The NBA is closer to returning to court, and finally, it's the basketball court.

A meeting lasting roughly 15 hours ended early Saturday morning and resulted in NBA owners and the disbanded players association reaching a tentative agreement to end the lockout.

The work stoppage has lasted nearly five months despite several marathon negotiating sessions between the parties. The stakes were raised earlier this week when the players combined a pair of antitrust lawsuits against the NBA in two different states into the same court in Minnesota.

The NBPA filed a disclaimer of interest earlier this month, disbanding as a union after rejecting the owners' latest offer of a 50-50 split of basketball- related revenue.

Details of the agreed-upon deal were not immediately available.

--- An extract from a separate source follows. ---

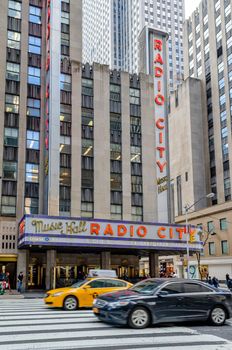 Radio City Music Hall New York City with crosswalk and traffic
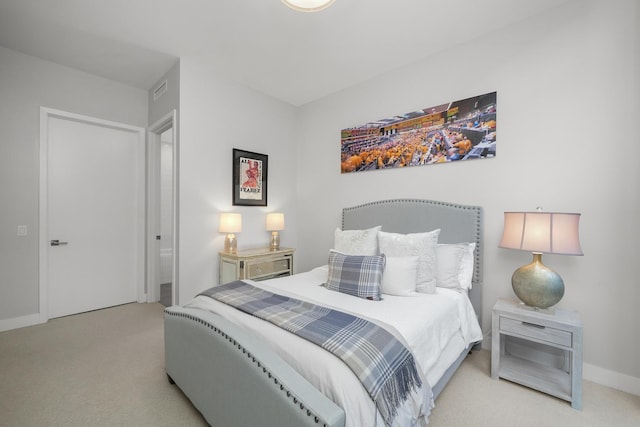 bedroom with baseboards and light colored carpet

"We thought it was in both of our best interests to try to reach a resolution and save the game," union executive director Billy Hunter said.

While the deal appears imminent, several hurdles need to be cleared in order for the season to be officially salvaged, including both the owners and union voting on the proposal.

"We've reached a tentative understanding that is subject to a variety of approvals and very complex machinations, but we're optimistic that will all come to pass," NBA commissioner David Stern said.

The league had canceled all regular season games up to December 15, and it was feared the highly-anticipated Christmas Day schedule was in jeopardy.

Stern mentioned the showcase date as the tentative start to a 66-game regular season, beginning with the annual triple-header on December 25.